**Assignment:** In the entries below, find the line with "Pelotazo al dron | Deportes" and the line with "100 Lincoln Rd, Miami". Repeat exactly everything between them, those two lines included, but not the pictures.

**Data records:**

++++++++++

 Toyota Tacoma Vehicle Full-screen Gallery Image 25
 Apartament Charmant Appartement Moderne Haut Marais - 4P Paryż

++++++++++

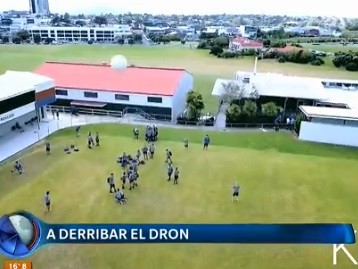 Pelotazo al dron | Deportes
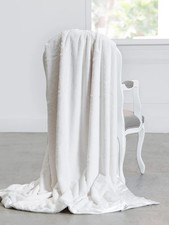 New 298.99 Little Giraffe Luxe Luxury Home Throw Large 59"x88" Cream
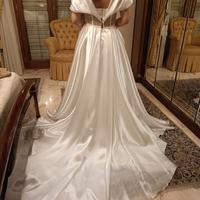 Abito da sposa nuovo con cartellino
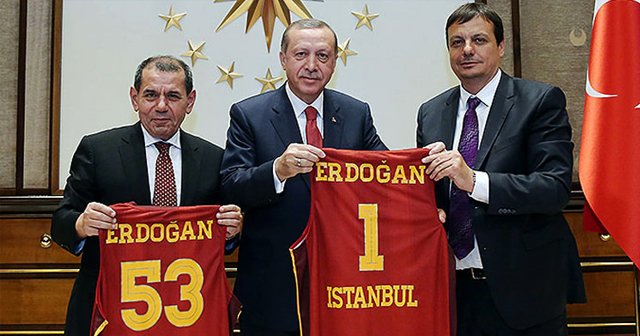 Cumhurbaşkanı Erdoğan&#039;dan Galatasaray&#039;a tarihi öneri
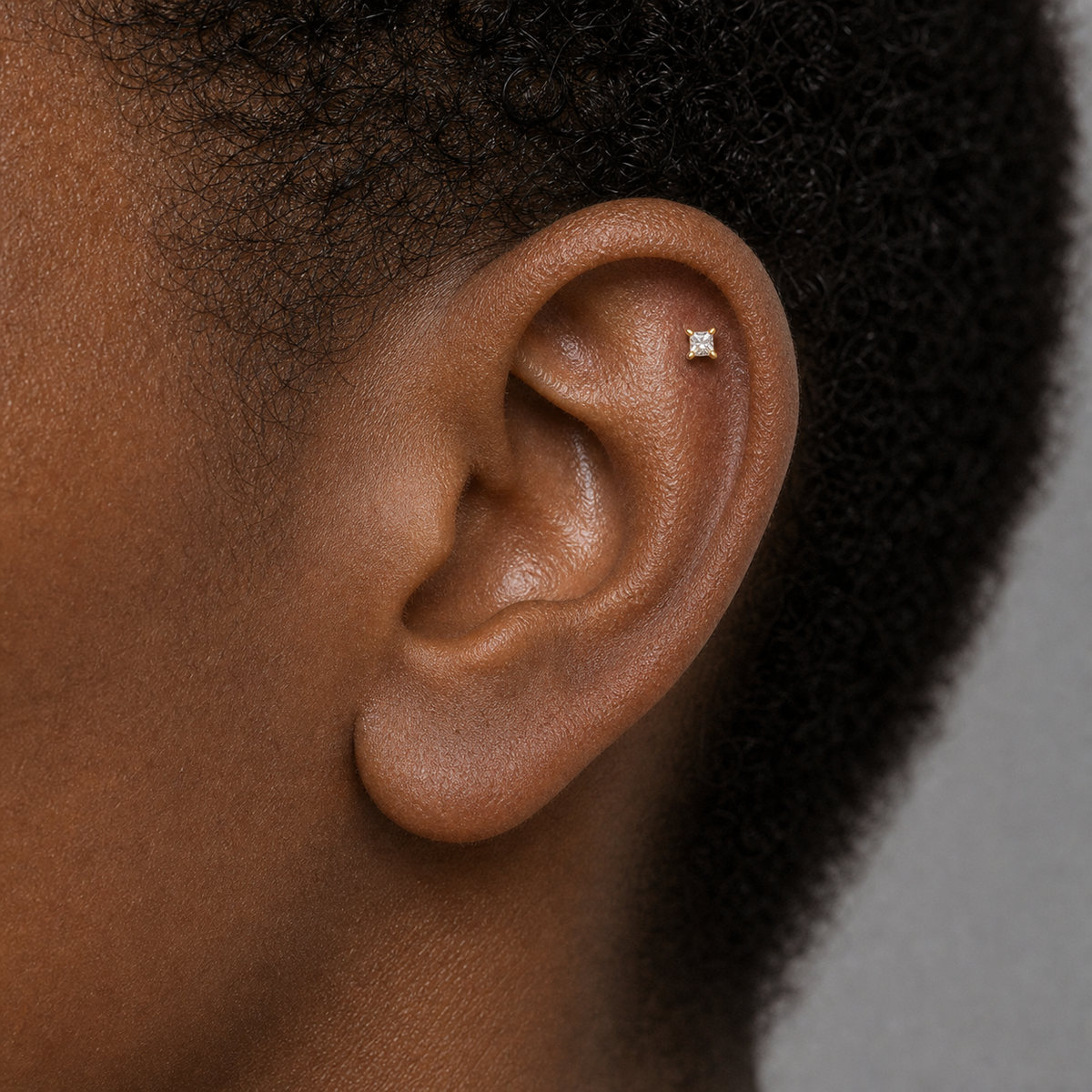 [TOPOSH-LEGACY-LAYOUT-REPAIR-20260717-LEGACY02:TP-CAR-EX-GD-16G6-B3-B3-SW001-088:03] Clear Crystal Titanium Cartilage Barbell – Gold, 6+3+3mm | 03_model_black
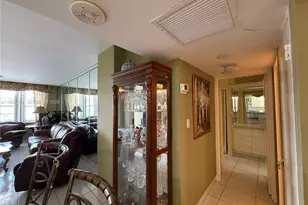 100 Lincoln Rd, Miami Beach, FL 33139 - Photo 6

++++++++++

**Answer to the problem:**
 Pelotazo al dron | Deportes
 New 298.99 Little Giraffe Luxe Luxury Home Throw Large 59"x88" Cream
 Abito da sposa nuovo con cartellino
 Cumhurbaşkanı Erdoğan&#039;dan Galatasaray&#039;a tarihi öneri
 [TOPOSH-LEGACY-LAYOUT-REPAIR-20260717-LEGACY02:TP-CAR-EX-GD-16G6-B3-B3-SW001-088:03] Clear Crystal Titanium Cartilage Barbell – Gold, 6+3+3mm | 03_model_black
 100 Lincoln Rd, Miami Beach, FL 33139 - Photo 6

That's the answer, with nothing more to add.